According to the VSEPR theory, what is the shape of a molecule that has a central atom bound to three other atoms with no lone pairs of electrons?

Answer 1

Explanation:

A molecule which contains three bond pairs but no lone pair of electrons will have a trigonal planar geometry.

Hybridization of such a geometry is $sp^{2}$.

For example, $BF_{3}$ is a trigonal planar molecule.

As, hybridization of $BF_{3}$ will be calculated as follows.
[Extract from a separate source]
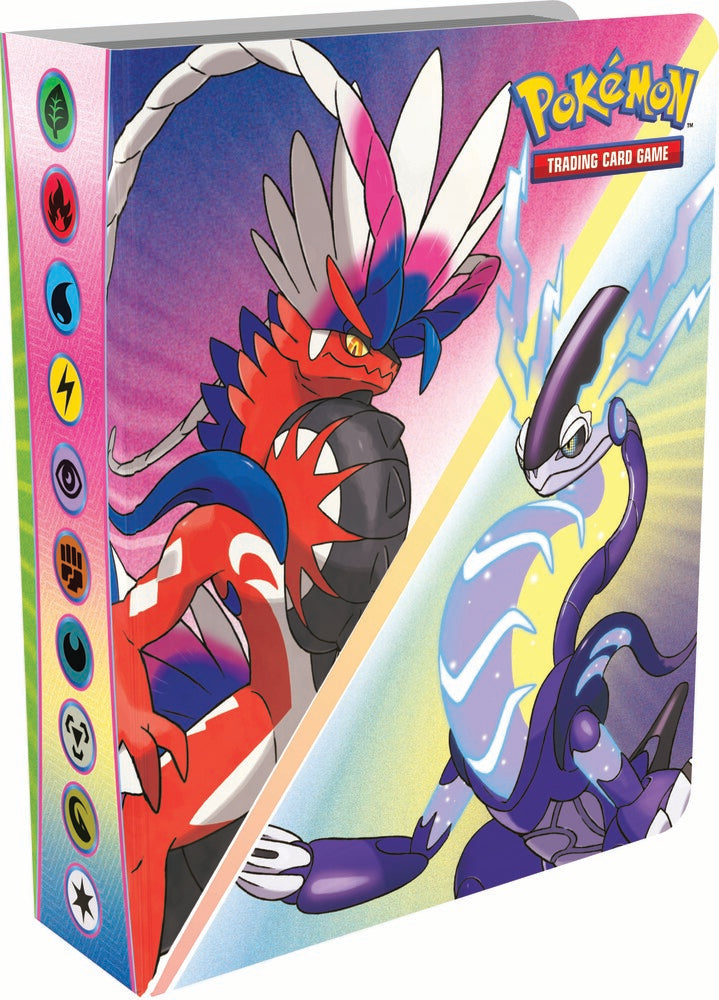 Pokémon mini album med Booster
                Hybridization = $\frac{1}{2}[V+N-C+A]$

where,

V = number of valence electrons present in central atom

N = number of monovalent atoms bonded to central atom

C = charge of cation

A = charge of anion

              Hybridization = $\frac{1}{2}[V+N-C+A]$

                                    = $\frac{1}{2}[3 + 3]$

                                    = 3

So, the hybridization of $BF_{3}$ will be $sp^{2}$. As there are 3 bond pairs and no lone pair of electrons. Hence, the geometry of $BF_{3}$ is trigonal planar.

Thus, we can conclude that according to the VSEPR theory, the shape of a molecule that has a central atom bound to three other atoms with no lone pairs of electrons is trigonal planar.

Answer 2

Triangular planar structure